Conclusion When blood pressure is measured in the first or second trimester of pregnancy, the mean arterial pressure is a better predictor for pre-eclampsia than systolic blood pressure, diastolic blood pressure, or an increase of blood pressure.
Introduction
Pre-eclampsia is an important disorder of pregnancy, with potentially severe consequences for mother and child.1 2 The frequency of pre-eclampsia varies between 2% and 7% in healthy nulliparous women.3 4 5 In pre-eclampsia the interaction between the placenta and maternal constitution is influenced by genetic and environmental factors, causing a hypertensive inflammatory response.6 The gestosis is associated with low birth weight and preterm delivery but can also develop at term, during labour, or even post partum.2 It has been shown that women destined to develop pre-eclampsia have higher mean arterial pressures in the first and second trimester and even before pregnancy than women with normal pregnancies.7 8
Blood pressure measurement is a screening test routinely used in antenatal care to detect or predict hypertensive disease.2 Accurate prediction of women at risk for pre-eclampsia is crucial to judicious allocation of monitoring resources and use of preventive treatment,9 with the prospect of improving maternal and neonatal outcome. Studies investigating the predictive accuracy of blood pressure measurement report conflicting results. In view of these conflicting reports it is uncertain whether blood pressure measurement should be used routinely as a predictive test or used only to diagnose hypertensive disorders in pregnancy once they are suspected. We carried out a systematic review to investigate the accuracy of blood pressure measurement for prediction of pre-eclampsia in pregnant women.
Methods
This review was based on our previously published protocol.10 Librarians carried out two electronic searches of Medline, Embase, the Cochrane Library (2006;4), and Medion (www.mediondatabase.nl/) from inception to February 2007. The search strategy (see bmj.com) consisted of MeSH or key terms related to the disease (pre-eclampsia) and population (pregnant women) combined with methodological filters for identification of studies on diagnostic tests and causal factors.11 12 13 A second search strategy was done to ascertain retrieval of relevant papers because “blood pressure” is a term related to both our index test of blood pressure measurement and the outcome pre-eclampsia. We checked reference lists of relevant studies to identify cited articles not captured by electronic searches and contacted authors of primary studies who had email addresses available. No language restrictions were applied. We included studies that reported on any technique to measure blood pressure in pregnant women in any healthcare setting and of any level of risk for pre-eclampsia. We included test accuracy studies allowing generation of 2×2 tables.
Trained reviewers independently screened titles and abstracts for relevance (JSC and KCV) and full papers for inclusion and data extraction (JSC and NdV).
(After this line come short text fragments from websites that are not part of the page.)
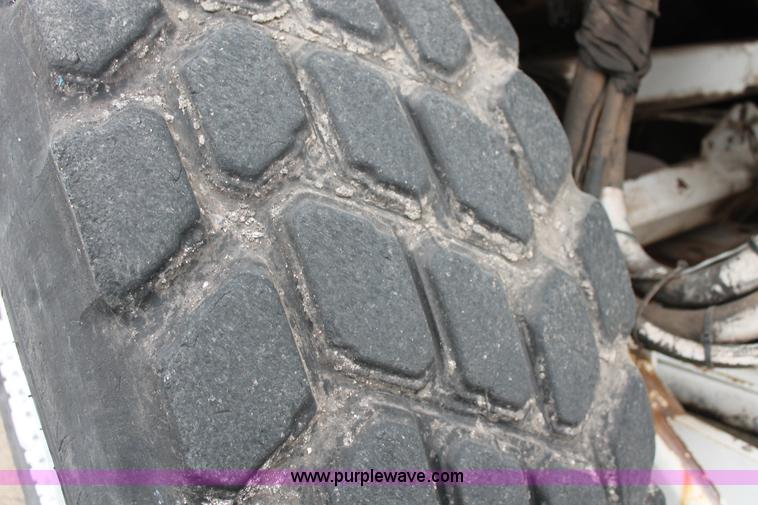 image for item H8076 2000 Roadtec SB-2500B shuttle buggy material transfer vehicle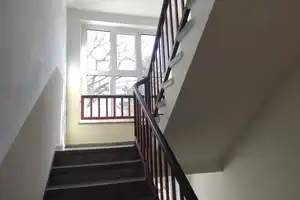 Elegante 3-Zimmer-Altbauwohnung mit grünem Innenhof – Ihr neues Zuhause wartet! – Berlin – Vorschaubild 6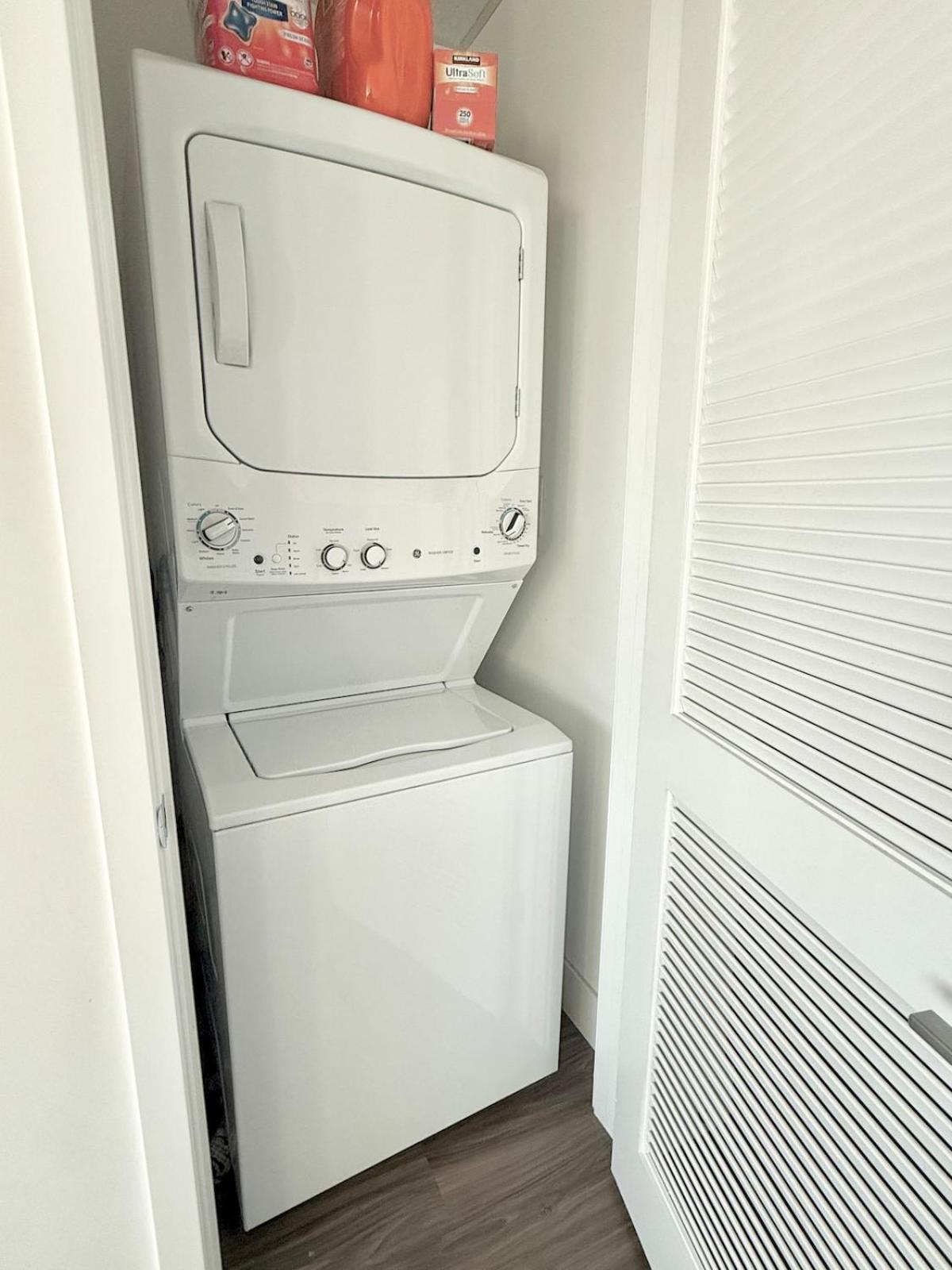 Apartment Penthouse With Views In Hollywood - One Bedroom W Parking Los Angeles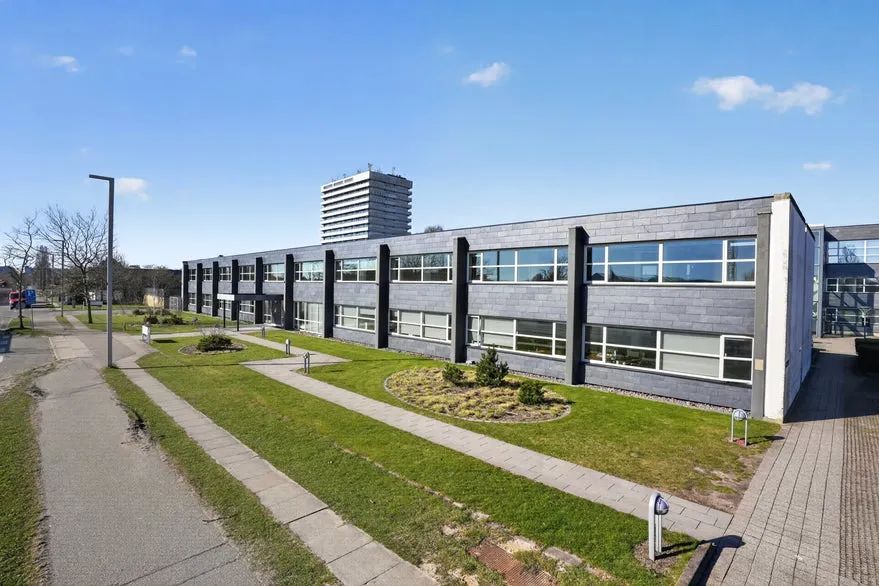 Esterno - Modern Office with Warehouse in Glostrup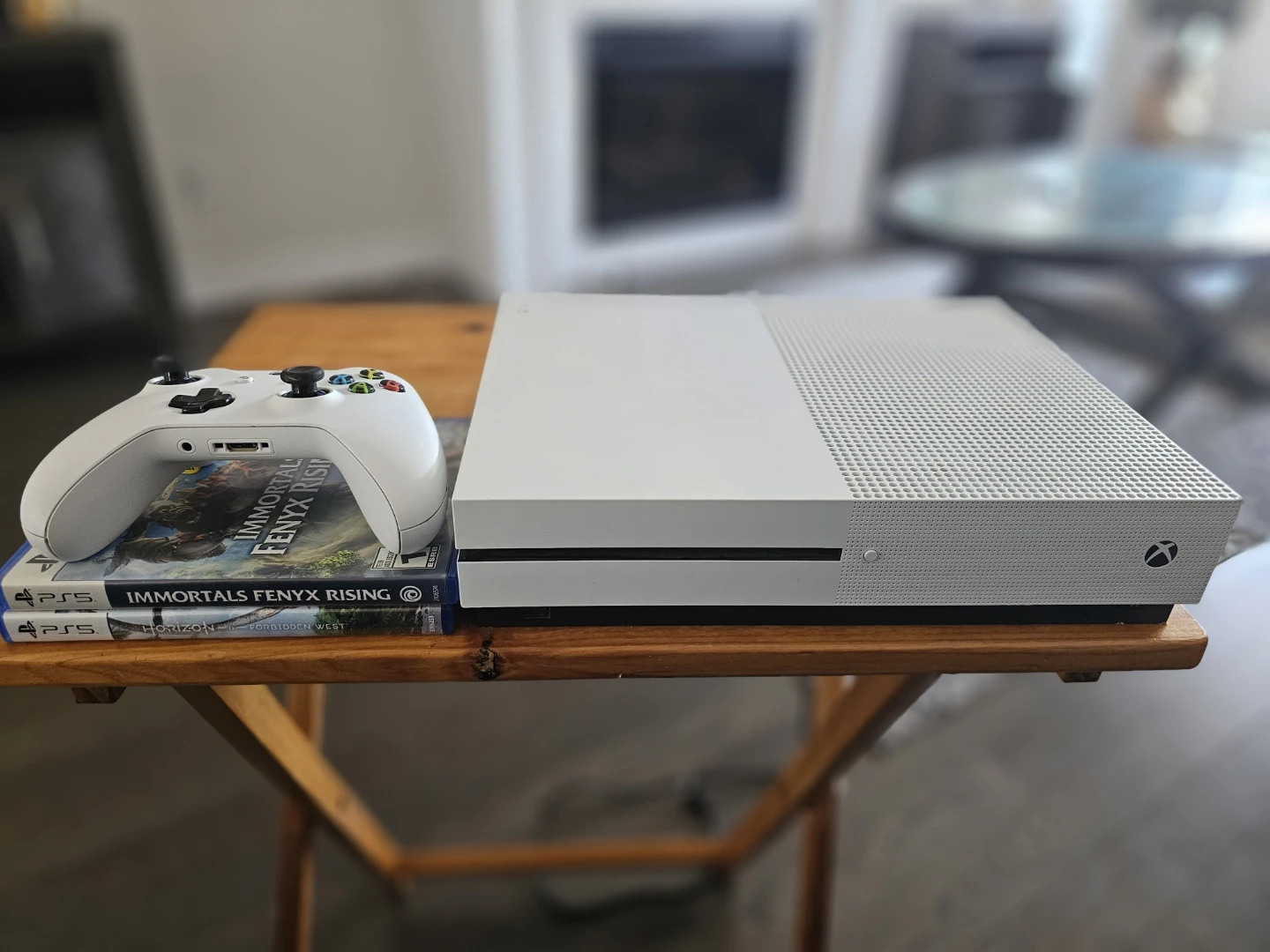 🔥🔥🔥🔥XBOX ONE S 1TB, 1 CONTROLLER🔥🔥🔥🔥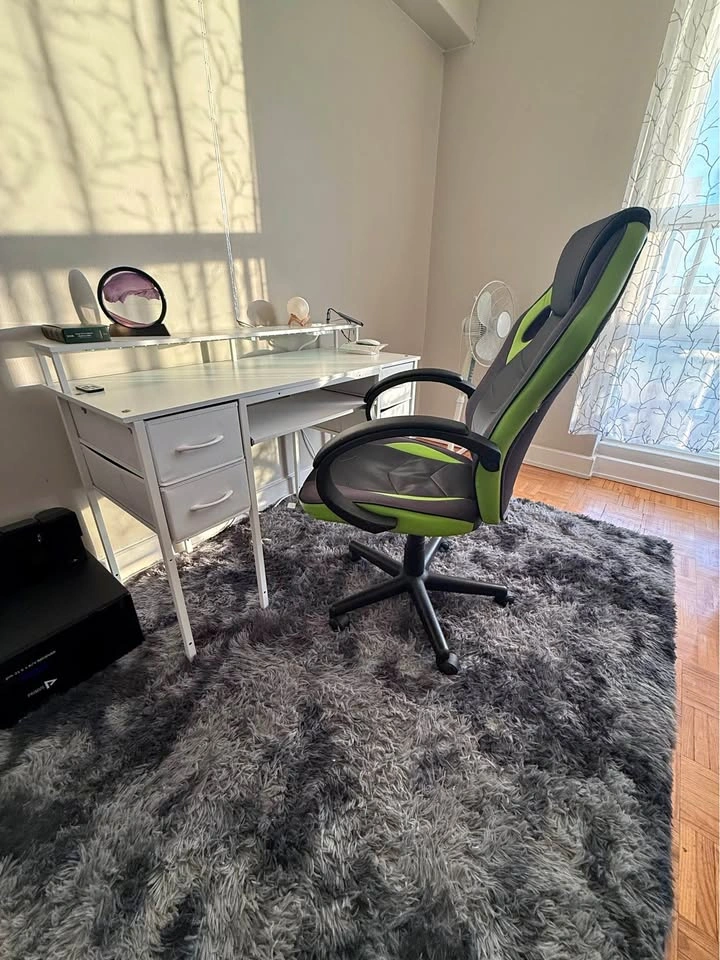 Gaming Chair & White Desk Set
An explanation of extracted clinical, methodological, and statistical data has been published.10 Studies were assessed by one reviewer (JSC) for methodological quality against the quality assessment of diagnostic accuracy studies (QUADAS) criteria14 and randomly checked by a second reviewer (NdV). How we assessed items is summarised on bmj.com. We also assessed application of preventive treatment. For multiple publications of one dataset we included only the most recent or complete study. Disagreements were resolved by consensus or a third reviewer.
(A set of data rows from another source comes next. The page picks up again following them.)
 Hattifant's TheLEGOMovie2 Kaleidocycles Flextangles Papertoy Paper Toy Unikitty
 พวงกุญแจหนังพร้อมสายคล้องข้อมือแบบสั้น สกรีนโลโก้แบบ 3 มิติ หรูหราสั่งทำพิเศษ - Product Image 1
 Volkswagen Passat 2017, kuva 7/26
Reference standards for pre-eclampsia were a persistent systolic blood pressure of 140 mm Hg or more or a persistent diastolic blood pressure of 90 mm Hg or more, or both, with proteinuria of 0.3 g/day or more or a dipstick result of + or more (30 mg/dl in a single urine sample), or both, new after 20 weeks of gestation. Severe pre-eclampsia was defined as systolic blood pressure of 160 mm Hg or more or diastolic blood pressure of 110 mm Hg or more, or both, with proteinuria 2.0 g/day or more or a dipstick result of +++ or more, or both, of early onset (<34 weeks) gestation. Superimposed pre-eclampsia was defined as the development of proteinuria of 0.3 g/day or more or a dipstick result of + or more after 20 weeks of gestation in chronically hypertensive women. Chronic hypertension was defined as hypertension present before pregnancy or detected before 20 weeks’ gestation and not resolving within three months after delivery.15
Data synthesis
From the 2×2 tables we calculated sensitivity and specificity and plotted their results in receiver operating characteristic plots. We pooled results among groups of studies measuring similar blood pressure variables (systolic, diastolic, mean arterial, or increase) and similar outcome. We used a bivariate regression model that takes into account the negative correlation between sensitivity and specificity. This method has been extensively described elsewhere and is recently recommended for meta-analysis of diagnostic tests.16 17 Briefly, rather than using a single outcome measure for each study, such as the diagnostic odds ratio, the bivariate model preserves the two dimensional nature of diagnostic data in a single model. This model incorporates the correlation that may exist between sensitivity and specificity within studies owing to possible differences in threshold between studies. When necessary the bivariate model uses a random effects approach for both sensitivity and specificity, allowing for heterogeneity beyond chance due to clinical or methodological differences between studies. In addition the model acknowledges the difference in precision by which sensitivity and specificity have been measured in each study. This means that studies with a larger number of women with pre-eclampsia receive more weight in the calculation of the pooled estimate of sensitivity, whereas studies with more women without pre-eclampsia are more influential in the pooling of specificity. To estimate a summary receiver operating characteristic curve and an area under that curve, we used the results of the model with the smallest Akaike’s information criterion (a measure of the goodness of fit of an estimated statistical model).18 This model best accounts for heterogeneity between studies. We calculated areas under the curves in the first trimester for the complete summary receiver operating characteristic curve, which meant extension beyond the available data. We also calculated pooled sensitivities and specificities and derived likelihood ratios thereof.19
We carried out the following subgroup analyses, defined a priori: outcome (severe pre-eclampsia), sample (low risk sample v high risk sample), number of readings (multiple measurement v single measurement), and gestational age at testing (first trimester v second trimester). Sensitivity analyses were done for application of preventive treatment and study quality. We considered studies of high quality when they scored positive on at least four of the following items: prospective design with consecutive recruitment, appropriate reference standard, follow-up greater than 90%, adequate description of the index test, and reporting of preventive treatment.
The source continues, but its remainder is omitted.